Ainsi, l’homme du métier, à la seule lecture de la demande de brevet ou du brevet, doit pouvoir mettre en œuvre ou exécuter l’invention, à savoir réaliser le dispositif objet du brevet, ou mettre en œuvre le procédé décrit et revendiqué.
L’exercice est délicat, car il faut naviguer entre d’une part, l’intérêt du breveté qui est de ne pas divulguer dans ses moindres détails l’invention, et d’autre part, la sanction d’insuffisance de description.
Jusqu’où doit-on aller dans les détails de la description d’une invention pour satisfaire à ces deux contraintes contradictoires ?
L’arrêt suivant donne des éléments de réponse à cet égard : Cour de cassation, ch. com., 13 novembre 2013, pourvois P/2012/14803 et R/2012/15449 ; B20130233.
Dans cette affaire, de manière classique, un breveté fait valoir ses droits auprès d’une société considérée comme contrefaisant son brevet et cette dernière se défend en attaquant le brevet en question.
Le défendeur se pourvoit en cassation et invoque, entre autres moyens de nullité du brevet, l’insuffisance de description qui seule ici nous intéresse.
Pas moins de cinq arguments relatifs à cette cause de nullité sont alors invoqués, desquels nous retiendrons deux, dignes d’intérêt.
Le premier argument du demandeur à la cassation (condamné par la Cour d’appel) est particulier, voire original.
Ce dernier, s’appuyant sur le fait qu’un brevet français issu d’un brevet européen délivré a les mêmes effets qu’un brevet national, considère que « les autorités judiciaires françaises sont juges des décisions de l’office européen des brevets (OEB) ». Le demandeur s’étonne alors que la Cour d’appel ait écarté le moyen de nullité pour insuffisance de description, au motif que l’OEB n’avait émis aucune objection à cet égard.

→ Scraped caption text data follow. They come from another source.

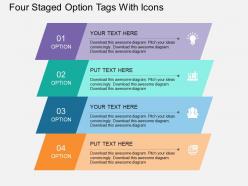 hy Four Staged Option Tags With Icons Flat Powerpoint Design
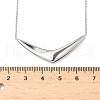 304 Stainless Steel V Shaped Pendant Necklaces for Women NJEW-Z086-01P-3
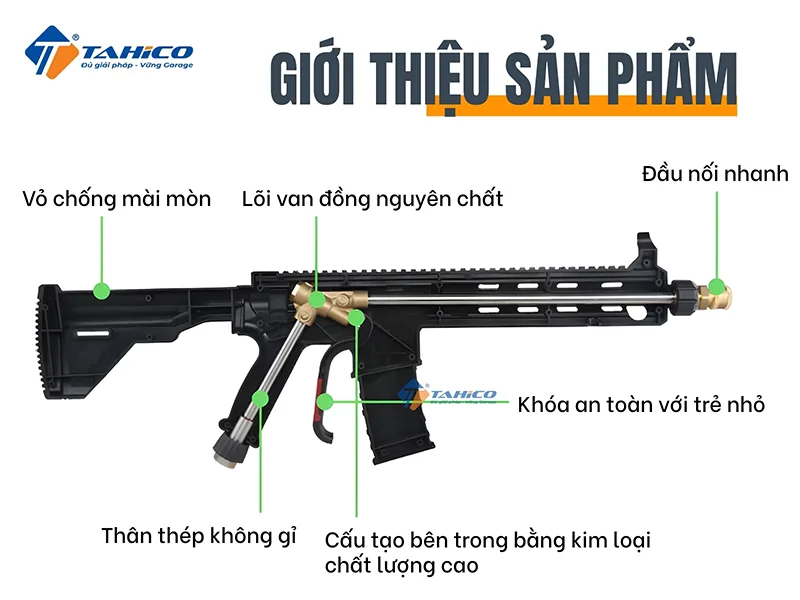 Đặc điểm tính năng súng rửa xe cao áp 5000 PSI dạng súng trường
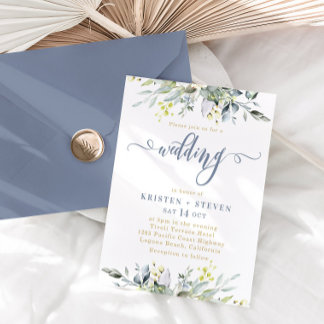 Convite Boho Greenery Eucalyptus Wedding Dusty Blue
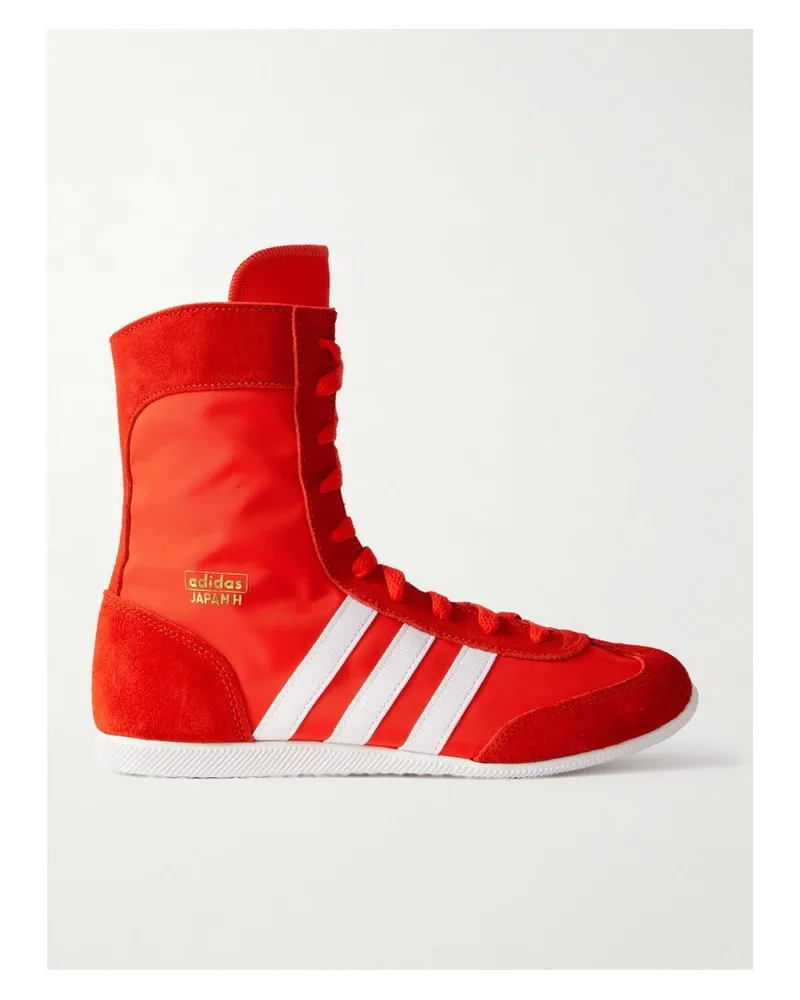 adidas Japan H Schnürstiefel Aus Canvas Mit Ripsband- Und Velourslederbesätzen - Rot Rot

La Cour de cassation balaye cet argument en le considérant simplement comme surabondant, sans même s’y arrêter.
On ne peut qu’approuver cette position de la Cour, sur le principe, les magistrats français n’étant pas liés par les décisions ou opinions de l’OEB.
Dans son second argument, le défendeur reproche à la Cour d‘appel d’avoir « statué par simple affirmation » en ne faisant qu’énoncer que : « l’homme du métier trouvait dans la description les caractéristiques indispensables à l’exécution de l’invention, sans préciser ces caractéristiques, ni le passage de la description qui les contenait. ».
En d’autres termes, le défendeur se réfère au terme « exposer » de l’article ci-dessus visé, en considérant que les passages du brevet (qui permettent de mettre en œuvre l’invention) auraient dû être spécifiquement indiqués et mentionnés par la Cour d’appel.
La Cour de cassation confirme l’opinion des magistrats d’appel, en considérant « que l’homme du métier est à même de trouver dans la description les caractéristiques indispensables à l’exécution de l’invention […] pour parvenir, soit empiriquement par tâtonnements, soit par simulation numérique » à la caractéristique revendiquée.
Ainsi, les magistrats considèrent que l’homme du métier peut exécuter l’invention, même s’il ne trouve pas directement dans la demande de brevet ou le brevet les moyens permettant d’aboutir à la caractéristique revendiquée.
La description est donc considérée comme suffisante, si l’homme du métier, en exerçant ses connaissances et le principe de recherche par itération (tâtonnement) ou par simulation numérique, peut aboutir à la caractéristique revendiquée.
Incidemment, à noter que la formule mathématique permettant cette détermination a été révélée postérieurement au dépôt de la demande de brevet, les magistrats considérant que l’homme du métier n’avait pas eu besoin de cette formulation mathématique pour aboutir au résultat souhaité.
Cette décision permet de préciser encore un peu mieux non seulement la notion d’insuffisance de description mais encore celle de l’homme du métier.
Elle devrait contribuer à éclairer les rédacteurs de demande de brevet, qui doivent naviguer entre plusieurs écueils, et dont tout faux pas peut être sanctionné par la nullité du brevet.